Gli amici del ragazzo si sono tuffati in acqua per portarlo in salvo, ma Nico ha riportato gravi ferite alla gamba ed è stato portato in ospedale in condizioni critiche.
I genitori di Nico, Lorena e Juan, hanno detto in un comunicato che avevano il “cuore spezzato” nel condividere la notizia.
“Abbiamo il cuore spezzato nel comunicare che nostro figlio, Nico, è morto”, ha detto la famiglia.
“Nico era un ragazzo felice, amichevole e sportivo con uno spirito gentile e generoso.
“Era sempre pieno di vita e lo ricorderemo così.

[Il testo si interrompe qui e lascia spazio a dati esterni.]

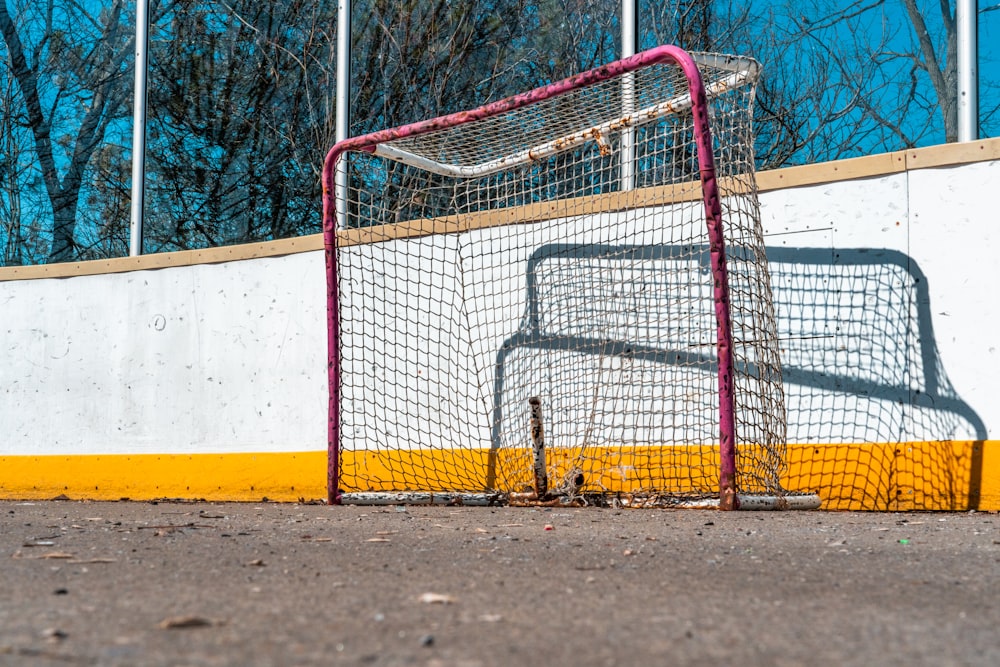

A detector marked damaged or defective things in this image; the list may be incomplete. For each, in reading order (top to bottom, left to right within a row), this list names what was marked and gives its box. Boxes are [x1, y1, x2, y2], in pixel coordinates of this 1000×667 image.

cracked asphalt [1, 500, 1000, 667]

“Vorremmo ringraziare sinceramente i primi soccorritori e il team del Sydney Children’s Hospital, Randwick, per tutto ciò che hanno fatto per prendersi cura di Nico.
“Vorremmo anche ringraziare tutti nella comunità per il loro supporto e i gentili messaggi.
“Vi chiediamo di rispettare la nostra privacy durante questo momento eccezionalmente difficile.”
Serie di attacchi di squali
Nico, un giovane salvagente, è stata la prima di quattro vittime di attacchi di squali in 48 ore sulle spiagge del NSW questa settimana, dopo un fine settimana di tempo selvaggio.
È stato trascinato a riva da altri surfisti e rimane in condizioni critiche, con parte della gamba inferiore destra amputata.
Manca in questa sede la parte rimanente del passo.